Hah! And there’s another one of those words ending with an extraneous, silent “ue” to go along with plague, rogue, tongue, fugue, morgue, etc.

What makes “segue” so damned special that it gets to be a two-syllable word?

Is this something we can blame the French for?

:smiley:

In keeping with words I pronounced incorrectly in my head for an extended period of time:

Chaos: cha-os (as in ghOSt). I knew the spoken “kayoss”, and what it meant, and I had an idea of what cha-os meant from context, but the little lightbulb for cha-os = kayoss didn’t go on for a while.

Belatedly: I thought this was Bleat-edly until I was corrected by a teacher. The fact that it contains the word “late” which is a good part of it’s meaning didn’t hit me until after I got the correct pronunciation.

No, it’s the Italians who are to blame. If it was a French word the u and e would be silent. Until very recently I thought people who said “segway” were stupid - then one day I decided to look it up in the dictionary :smack:

I once thought that scarey things were “ma-cob” and that disgusting things were “mac-a-bre,” like the people in the Bible.

Just last week I realized that when giving the cats canned food --aka “Fresh Wet” ™–that after using a spoon to dig it out of the can and dump it in the bowl, I can use the edge of the can to scrape the last bit stuck on the spoon into the bowl.

I’ve been living with cats and feeding them for 12 years now. And that doesn’t include my family having cats as I was growing up.

Heh. I’ve always thought of macabre as being pronounced like ma-cob. Your post made me look it up at dictionary.com and fought my ignorance. Thanks Annie!

According to Merriam-Webster, there are two pronunciations, ma-cob being one of them.

So Annie and I weren’t wrong? We were just being alternative? I like that. :slight_smile:

My wife and I were watching TV a couple of months ago, when a commercial for a certain insurance company came on. Finally, the question that had been bubbling in the back of my mind came to the surface. I turned and asked my wife, “Who the hell is Stan?”

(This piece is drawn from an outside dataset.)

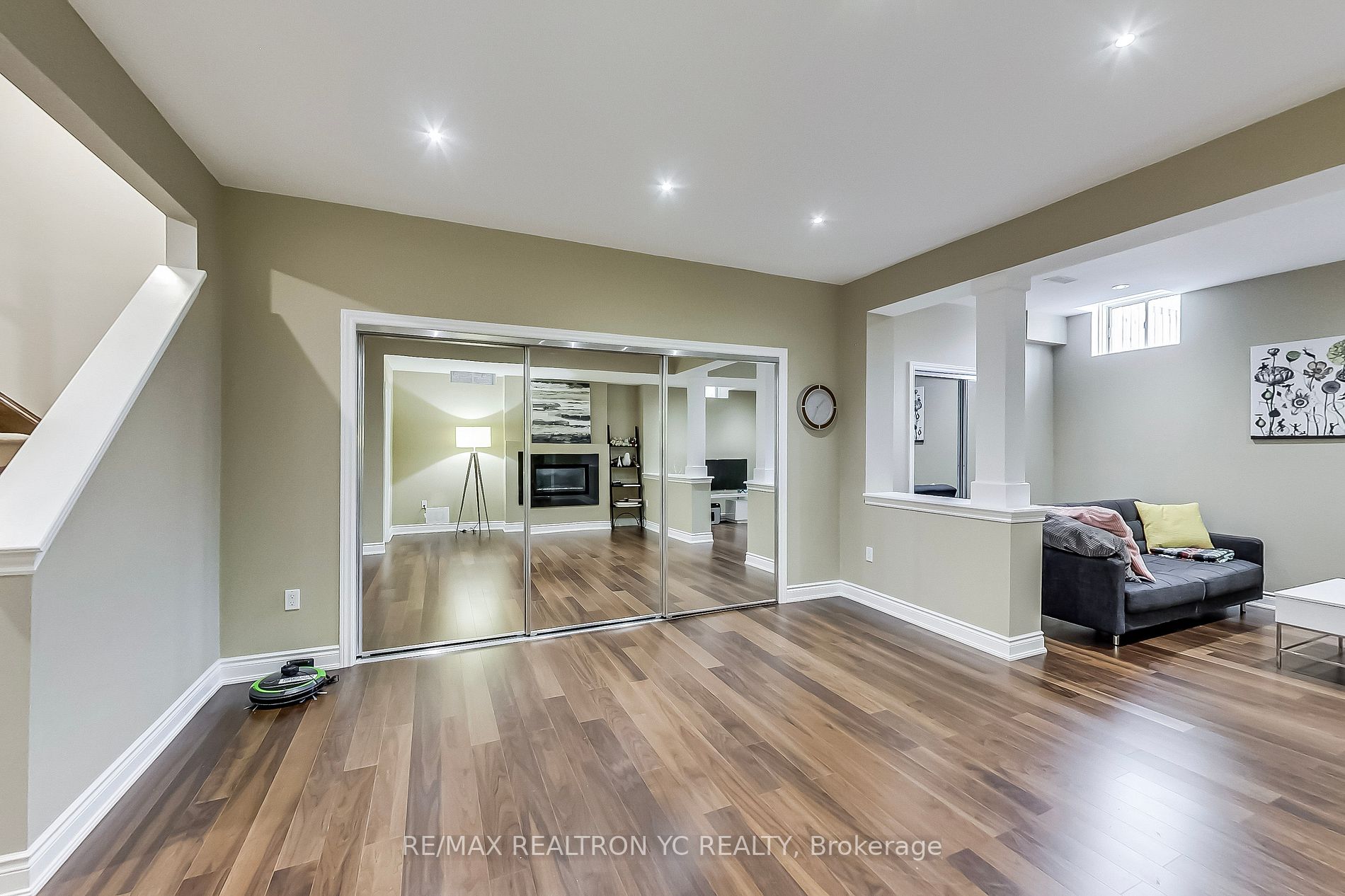 2335 Wuthering Heights Way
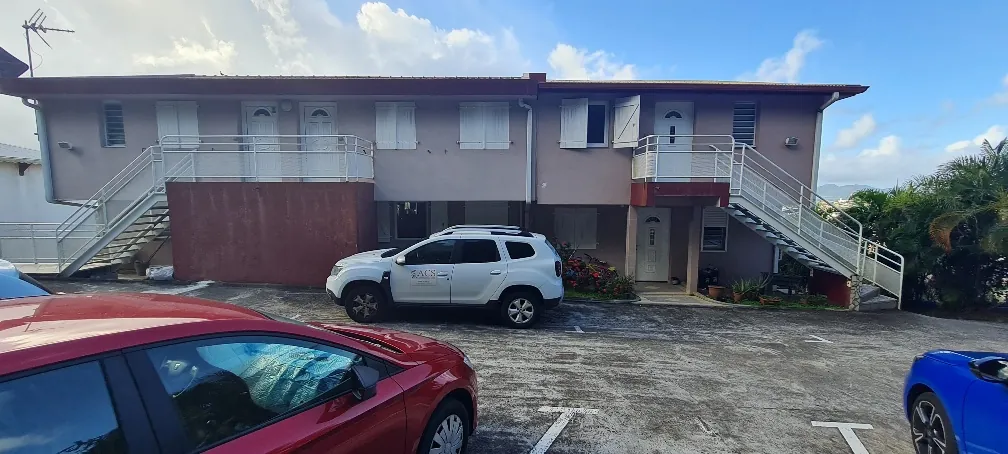 Appartement F3 avec vue mer à Fort-de-France - Immobilier résidentiel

She didn’t stop laughing for five minutes.

What? :confused:

Not at all.

The pronunciation you gave was the primary pronunciation.

You’re about as white bread and mayonaise as it gets. Sorry, man.

I am not. I grew up with Miracle Whip. So there! :smiley:

The guy from The Unit in the Allstate commercials says, “That’s Allstate stand.” For a couple of years, I was hearing, “That’s Allstate, Stan.”